United States District Court, N.D. Illinois, Eastern Division.
STARR INDEMNITY & LIABILITY COMPANY, a/s/o CESSNA AIRCRAFT COMPANY, Plaintiff,
v.
YRC, INC., Defendant.
Case No. 15-cv-6902
|
02/15/2018
Opinion
Judge Robert M. Dow, Jr.

MEMORANDUM OPINION AND ORDER
*1 “All’s well that ends well,” the proverb from the Middle Ages made famous by Shakespeare’s play of the same name, captures the Court’s hopes for the future of this case. To date, the case has presented a struggle for the parties and the Court. Now pending before the Court is Plaintiff’s motion for leave to file a third amended complaint [49], in which Plaintiff proposes to correct a regulatory citation and set forth additional supporting statutory and regulatory provisions to support Counts II, III, and IV. Also pending before the Court is Defendant’s motion for reconsideration [36] of the Court’s prior order denying its motion to dismiss those same counts.
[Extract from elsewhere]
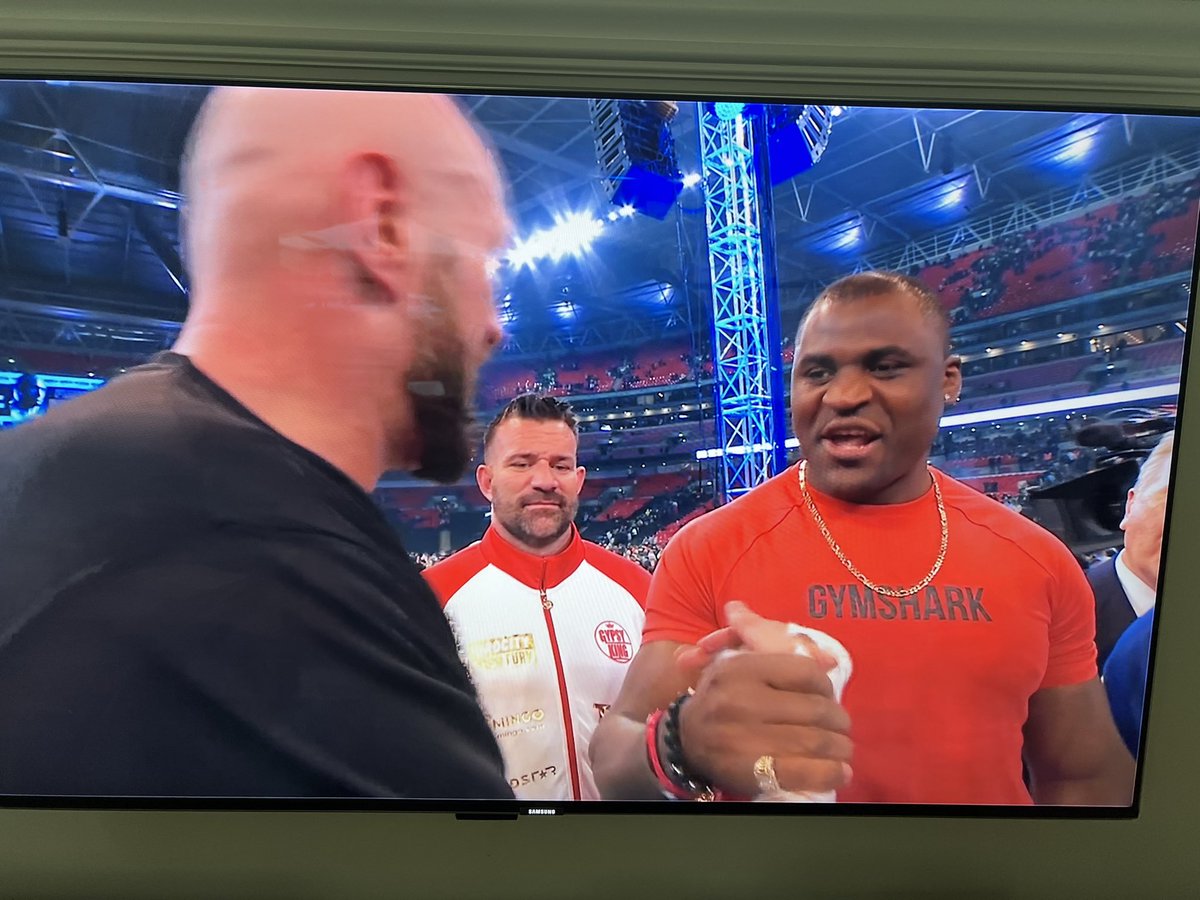 arielhelwani's tweet photo. Holy crap. Francis Ngannou is in the ring! 

“We are going to find out who the baddest motherfucker on the planet is.” 

- Francis Ngannou 

What a moment. https://t.co/DFLl98ma8H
Both motions are fully briefed—and, indeed, Defendant’s reply in support of its motion for reconsideration has spawned a further request by Plaintiff to file a sur-reply. After careful consideration of all of these materials, the Court concludes that it should allow the filing of the proposed third (and hopefully last) amended complaint, which will fix a target at which Defendant may direct the full panoply of its arguments regarding the broad preemptive sweep of the Carmack Amendment, some of which are previewed below. Accordingly, Plaintiff’s motion for leave to file a third amended complaint [49] is granted and Plaintiff is given until March 13, 2018 to file a third amended complaint correcting the C.F.R citation in Count II and setting forth additional supporting statutory and regulatory provisions in Counts II–IV. Plaintiff’s additional request for leave to file a sur-reply is denied as moot. Defendant’s motion [36] for reconsideration also is denied as moot in light of the Court’s decision to allow Plaintiff an opportunity to amend its complaint. This decision is without prejudice to any arguments—relating to preemption or otherwise—that Defendant may wish to raise in its response to the amended complaint. Given that the parties were able to work out the issues relating to Defendant’s recently-filed motion for issuance of letters rogatory [56], the status hearing previously set for March 6, 2018 is stricken and reset to April 19, 2018 at 9:00 a.m., by which time Defendant will have filed its response to Plaintiff’s latest amended complaint.

I. Background
The full background of this case is set forth in the Court’s previous opinion, knowledge of which is assumed here. [See 29, at 1–5.] Briefly stated, Plaintiff Starr Indemnity & Liability Company, as subrogee of Cessna Aircraft Company (“Plaintiff”), brings claims against Defendant YRC Inc. (“Defendant”) for damage to two jet engines (“the cargo”) that Cessna had tendered to Defendant for transportation from Orlando, Florida to Bridgeport, West Virginia in August 2014. [18, at Count I ¶¶ 6–9.] According to Plaintiff, as a result of this damage to the cargo, Plaintiff was compelled to pay its insured, Cessna, the sum of $1,916,413.26. [Id., at Count I ¶ 9.] In its First Amended Complaint,1 Plaintiff brings four counts against Defendant. In Count I, Plaintiff alleges liability against Defendant for damage to the cargo, as well as pre-judgment and post-judgment interest, under the Carmack Amendment to the Interstate Commerce Act, 49 U.S.C. § 14706.2 In Counts II through IV, Plaintiff alleges that Defendant violated the Interstate Commerce Commission Termination Act of 1995 (“ICCTA”), 49 U.S.C. § 14704(a)(2) and 14704(e).3 Plaintiff alleges that Defendant violated the ICCTA when it violated several Federal Motor Carrier Safety Regulations (“FMCSRs”) to which Defendant is subject, including the safe loading requirements of 49 C.F.R. § 398.4(g)(1) (Count II); the requirements to observe driver regulations and conform with speed limits of 49 C.F.R. §§ 390.11 and 392.6 (Count III); and the annual inquiry and review of driving record, maintenance of driver qualification files, and duty to conform to the speed limit requirements of 49 C.F.R. §§ 391.25, 391.51, and 392.6 (Count IV).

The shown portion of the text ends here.